TASK BRIEF -> Write out exactly the lines below that run from the one containing "Cát Đậu Nành Cature 6L - Trà Xanh Túi 2,4kg" through the one containing "Jabra Elite Headphones", both included, with no other lines.

INFORMATION SUPPLIED ->
+ + + +

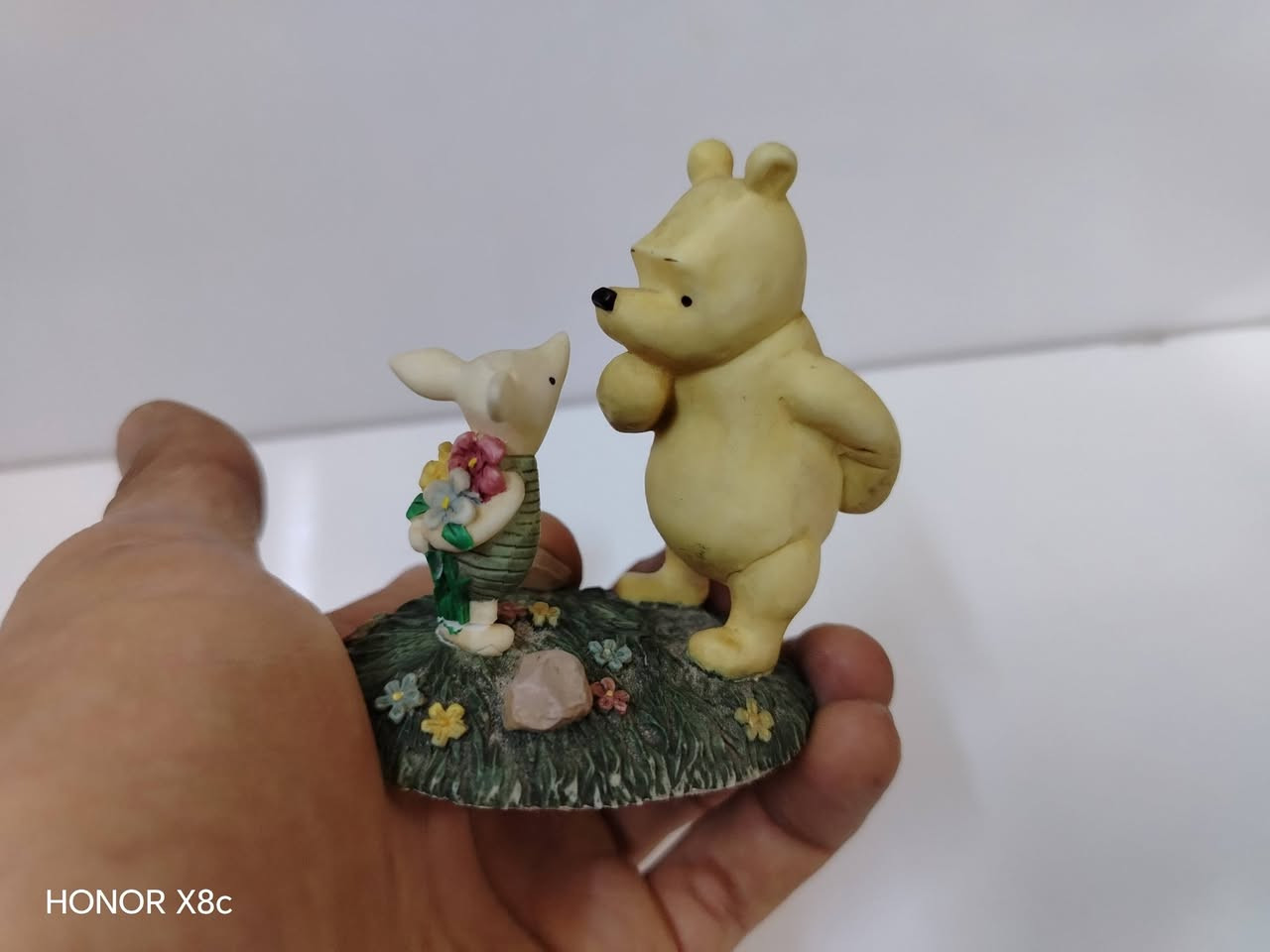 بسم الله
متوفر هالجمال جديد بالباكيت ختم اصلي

+ + + +

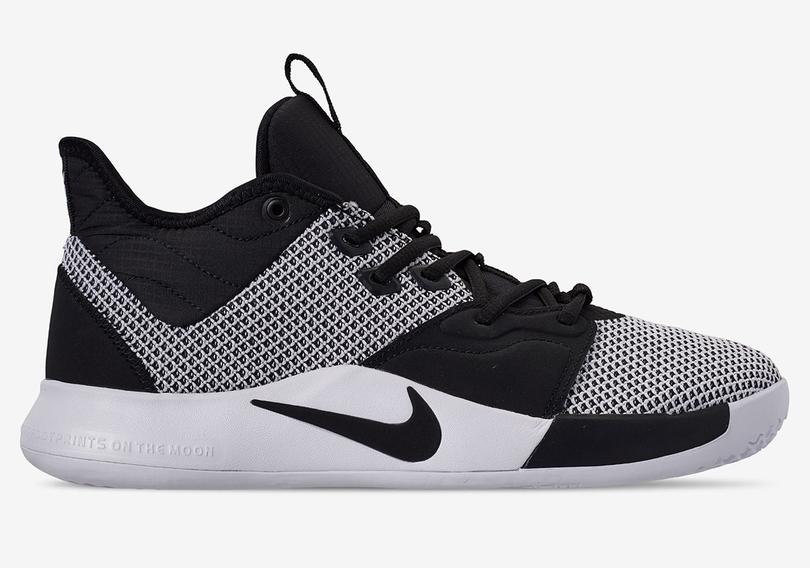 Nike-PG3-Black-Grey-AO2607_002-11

+ + + +

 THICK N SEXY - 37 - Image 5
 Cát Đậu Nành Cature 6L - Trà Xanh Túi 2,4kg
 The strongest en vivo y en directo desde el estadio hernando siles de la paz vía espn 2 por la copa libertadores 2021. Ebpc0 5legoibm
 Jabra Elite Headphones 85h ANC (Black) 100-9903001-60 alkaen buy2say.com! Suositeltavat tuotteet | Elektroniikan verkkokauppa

+ + + +

SOLUTION TO THIS TASK ->
 Cát Đậu Nành Cature 6L - Trà Xanh Túi 2,4kg
 The strongest en vivo y en directo desde el estadio hernando siles de la paz vía espn 2 por la copa libertadores 2021. Ebpc0 5legoibm
 Jabra Elite Headphones 85h ANC (Black) 100-9903001-60 alkaen buy2say.com! Suositeltavat tuotteet | Elektroniikan verkkokauppa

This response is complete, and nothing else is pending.